**EXTRACTED RECORDS:**
────
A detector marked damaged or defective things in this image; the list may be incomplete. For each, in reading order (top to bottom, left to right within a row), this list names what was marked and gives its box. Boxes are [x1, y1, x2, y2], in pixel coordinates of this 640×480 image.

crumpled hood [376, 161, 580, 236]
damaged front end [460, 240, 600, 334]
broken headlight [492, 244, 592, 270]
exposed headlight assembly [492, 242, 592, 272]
────
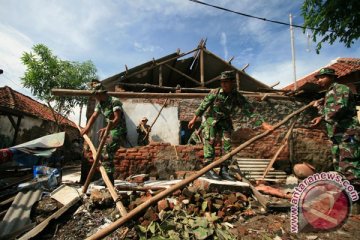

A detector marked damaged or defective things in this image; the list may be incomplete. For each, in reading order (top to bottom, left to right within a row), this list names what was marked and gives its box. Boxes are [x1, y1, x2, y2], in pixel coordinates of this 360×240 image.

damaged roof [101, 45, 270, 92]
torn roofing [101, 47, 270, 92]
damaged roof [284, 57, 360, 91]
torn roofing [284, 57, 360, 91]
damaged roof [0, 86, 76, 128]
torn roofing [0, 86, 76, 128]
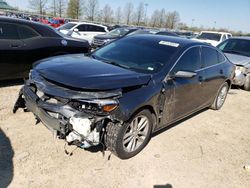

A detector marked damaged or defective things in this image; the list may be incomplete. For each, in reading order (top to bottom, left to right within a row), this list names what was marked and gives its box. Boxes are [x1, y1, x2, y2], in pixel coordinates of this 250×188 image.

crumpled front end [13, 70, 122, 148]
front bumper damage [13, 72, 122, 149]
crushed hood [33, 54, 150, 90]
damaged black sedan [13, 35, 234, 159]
────
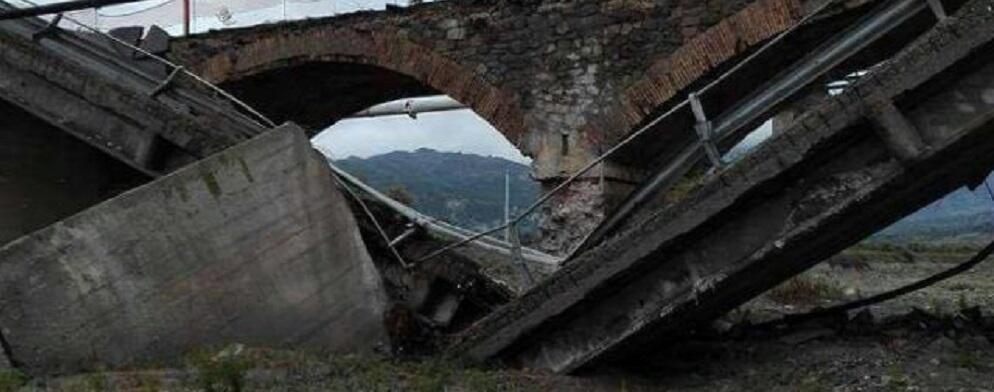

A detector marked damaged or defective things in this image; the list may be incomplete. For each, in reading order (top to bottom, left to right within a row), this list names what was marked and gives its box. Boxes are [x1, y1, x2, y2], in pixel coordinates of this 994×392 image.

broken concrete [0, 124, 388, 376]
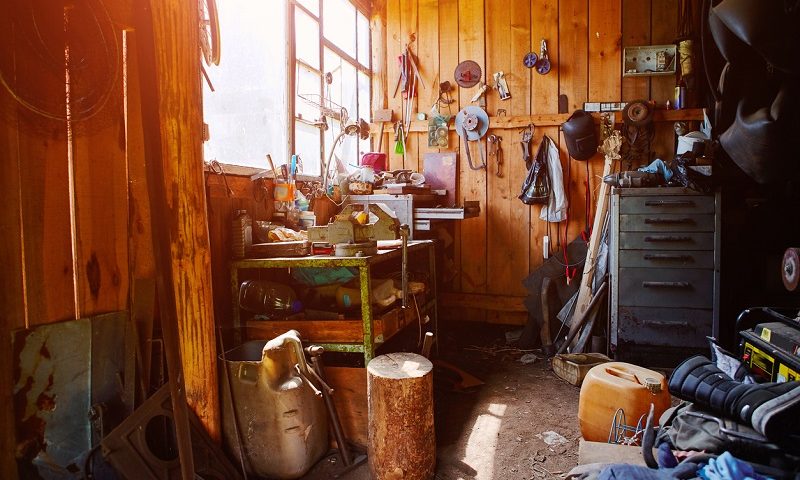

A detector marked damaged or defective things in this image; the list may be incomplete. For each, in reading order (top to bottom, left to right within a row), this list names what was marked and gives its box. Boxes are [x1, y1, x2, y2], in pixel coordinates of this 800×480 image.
────
**EXERCISE BRIEF:**
Copy everything above from the line holding "this 994×392 image." down to the line holding "this 800×480 image.", both ends included, exactly as it stands and without the pictures.

**SOLUTION TO THIS PROBLEM:**
A detector marked damaged or defective things in this image; the list may be incomplete. For each, in reading order (top to bottom, left to right within a row), this list names what was marked and gives its box. Boxes are [x1, y1, x2, y2], in pixel coordinates of this 994×392 image.

broken concrete [0, 124, 388, 376]

A detector marked damaged or defective things in this image; the list may be incomplete. For each, in reading order (top to bottom, left to right within a row), this list names what was marked and gives its box. Boxes are [x1, y1, x2, y2], in pixel coordinates of this 800×480 image.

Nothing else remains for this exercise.